So, I told everyone that you were the director of the hotel. Lars and Gunnhild at work, and anyone else who wanted to listen. You know how everyone talks about their children, about how clever they are and where they work and what they study and how much they earn. I wanted to boast about you, show you in a good light. In my world, you are still the boss and you still shine brilliantly. You must never believe anything else.
I was not driving ‘at monkey speed’. I can’t drive at all, you know that, I have never had my hands on the wheel. I take the bus to work every day and always sit on the third seat to the left, by the window. And apart from that, I don’t have much to do with other people. You know what I’m like. And what I have done is so much worse than driving ‘at monkey speed’. I will tell you more when I have mustered the courage. But please don’t sit there in prison in Berlin and worry about me, somehow I will cope.
Everyone here looks after me well, especially the inspector. He makes no grand gestures, and when we sit together and talk, his big, heavy hands are always still, never twitchy. I have not met any of the other inmates, and that suits me fine, I think so much better when I am alone, and I have plenty to think about. I’m sure you do too. Or have you done all your thinking and are now focused on serving your sentence, so you can hold your head high again? How do you get on with the prison staff, do you like them? Are they friendly? Do they treat you with respect? The officers here are very correct, they never overstep any boundaries, and they are never facetious or patronising. When they are in my cell, they are friendly and give me all their attention, but I know that as soon as they are out the door, they forget me. They blow me out like a match, because they are going into the next cell, and there are quite a few of us. But there is one exception, and his name is Adde, and he has a blind eye, or what we call a glass eye, even though it is probably made from plastic or acrylic, I have no idea. I often sit looking at that eye, the one that doesn’t look back. I think his glass eye is more beautiful than his real eye, it is bigger, and the colour is clearer. There are even tiny, thin red vessels in the white, which were presumably painted on by hand. Sometimes I play with the idea that it is that eye that sees me and the other that is blind.
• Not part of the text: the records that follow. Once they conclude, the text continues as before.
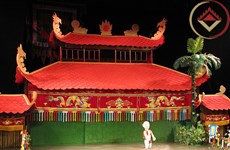 春节期间来越南看水上木偶戏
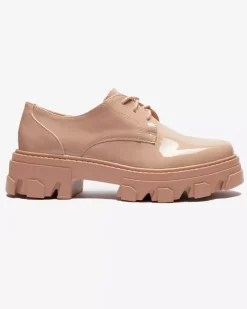 Różowe lakierowane półbuty damskie Delgor Półbuty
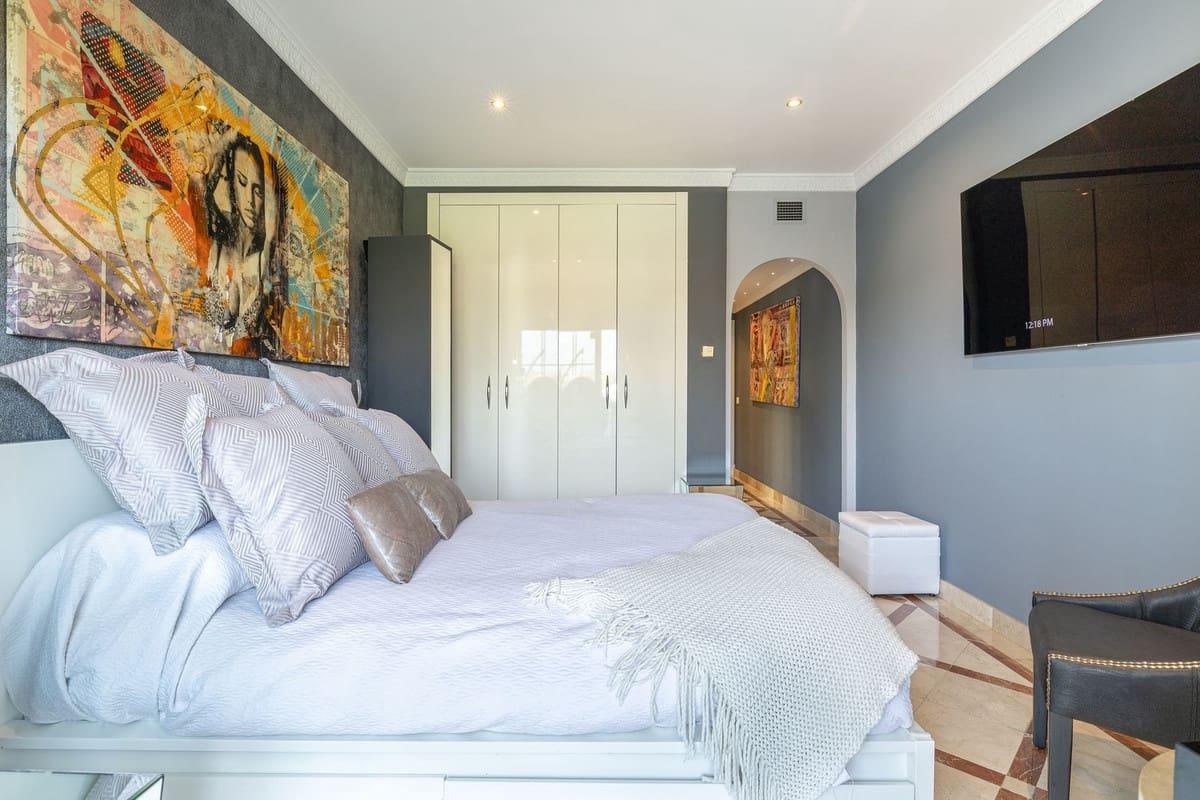 2 makuuhuone Huoneisto myytävänä paikassa Nueva Andalucia mukana uima-altaan - 685 000 € (Ref: 9480154)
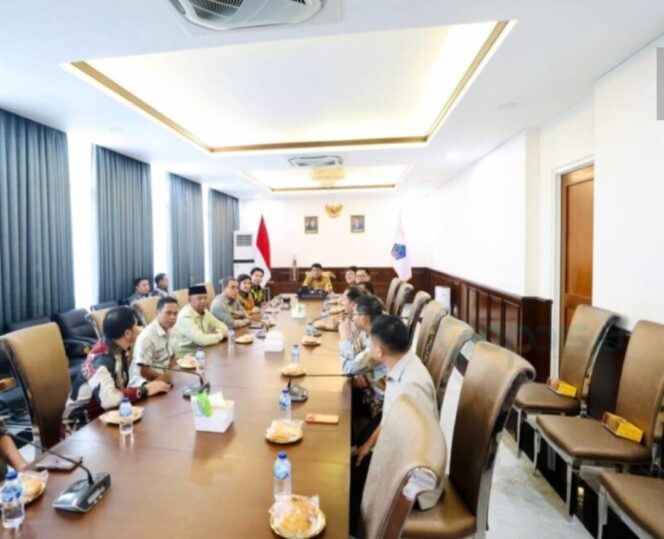 
Wali Kota Kotamobagu Hadiri Rapat Kerja Gubernur Sulut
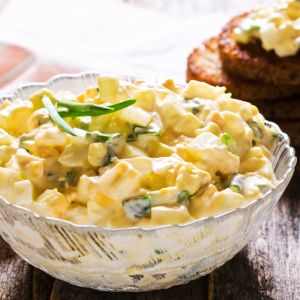 sałatka jajeczna z kaparami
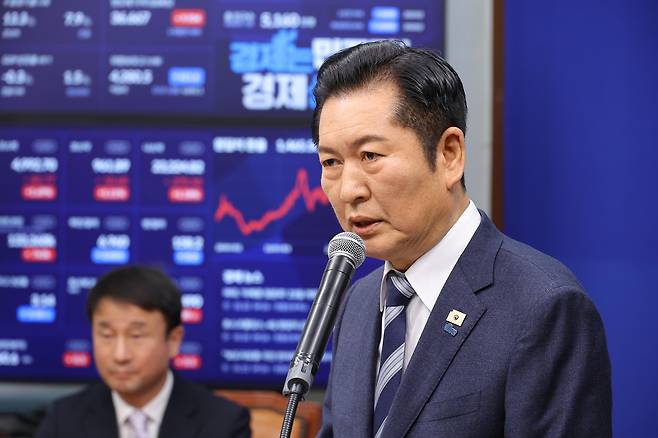 민주당 정청래 대표가 22일 국회에서 긴급 기자회견을 열고 조국혁신당과의 합당을 제안하고 있다. 연합뉴스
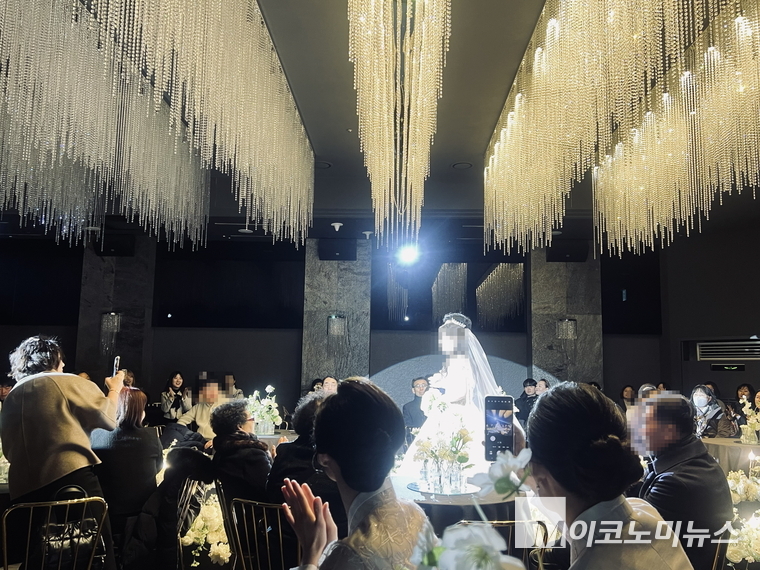 지난해 혼인 건수가 28년 만에 대폭 증가했다. 부산 한 결혼식장의 예식 장면. 사진=심승수 기자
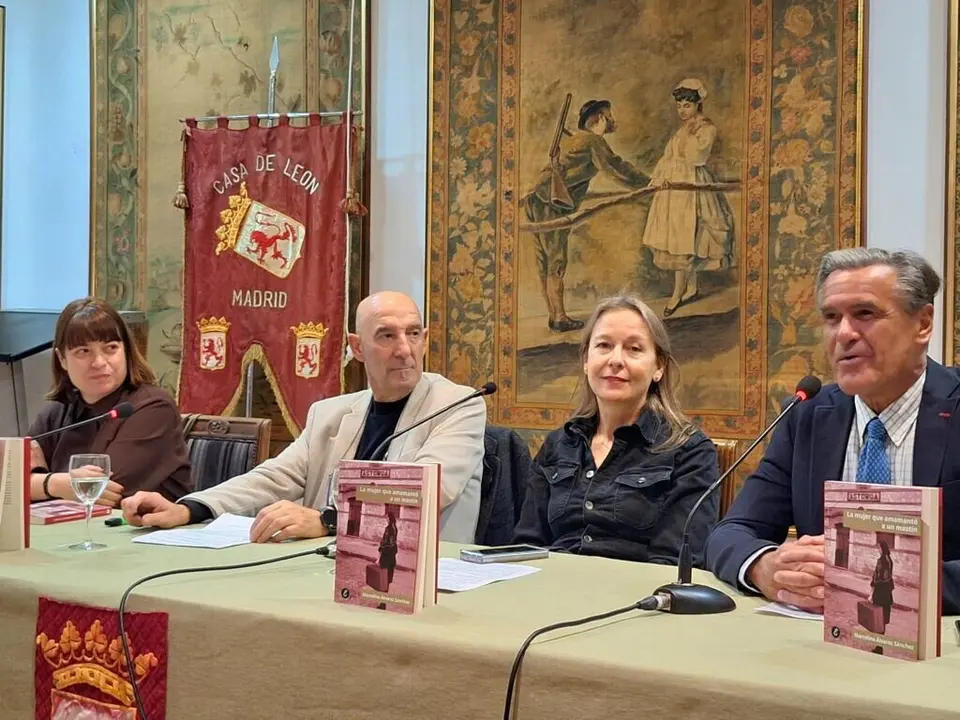 Un instante de la presentación del libro en la Casa de León en Madrid.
I have never had a man in my life, Rikard. Since you went to Berlin, after my parents died, I have lived alone, and I have chosen to live alone. I was a little in love with a man I met not so long ago, called William. He was from Mayfair in London. But nothing will ever happen between us, because I am sitting here now. Please don’t ask me about William, as it just upsets me.
You heard my whispers on the phone, and perhaps it made you think. You may have read about people who have lost their voice box talking with the help of technology, in a distorted, mechanical voice. The sort of voice that frightens small children and gives them nightmares. Other people learn a technique whereby they swallow air, and then release it with a burp to create the sound of a word. I don’t want to talk with a voice like that. Even though the doctors encouraged me to. I have never been a beauty, but I did not want to make things worse by having a hideous voice. When you speak like that, using either air or a talk tool of some kind, people step back in alarm. But when you whisper, they lean in so they can hear. But I was talking about Adde, and he can only see me with one eye, but my goodness, does he stare. And I both like it and don’t like it. I don’t know what he sees or thinks, because he says nothing. But I can tell that he has drawn his own conclusions, even though he knows nothing about me. And I think I can safely say that I could surprise him.
You said you were in a big prison, with nearly six hundred inmates. I know the Stasi had many prisons in Berlin, is yours one of them? You must tell me all about your days, and nights as well. Tell me what you eat, tell me more about Peter and the priest. You must all be kind to them. Be kind and wish them well, and maybe they will find each other. But I know that you are kind, Rikard. I now keep the letter you wrote safe in the drawer of my desk, by the window. I often go over and open the drawer, just to make sure it is still there. I hold the envelope up to the light, and see your writing shine through. I will treasure your words like jewels and take them with me wherever I go. Not that I am going anywhere for a while, it will be a long time before I am allowed to walk the streets again or catch a bus, but your words will be with me in my dreams. From now on, let us think about each other every day, in the morning and evening. My dear boy, I only have eight square metres, but what more does a person need? A desk and a bed and a window, so the sun shines in on a good day. The cell makes me feel safe. I know where I am. It is impossible to get lost in eight square metres, but equally, it is impossible to hide. Now I am out where everyone can see me, like you. Tell me what you can see through your cell window. If you can see a patch of sky, then remember that I am serving my sentence under the very same sky.
With love from,
Your mother
Chapter 24
Out of the blue, Lars suggested that they should all go to the pub one evening.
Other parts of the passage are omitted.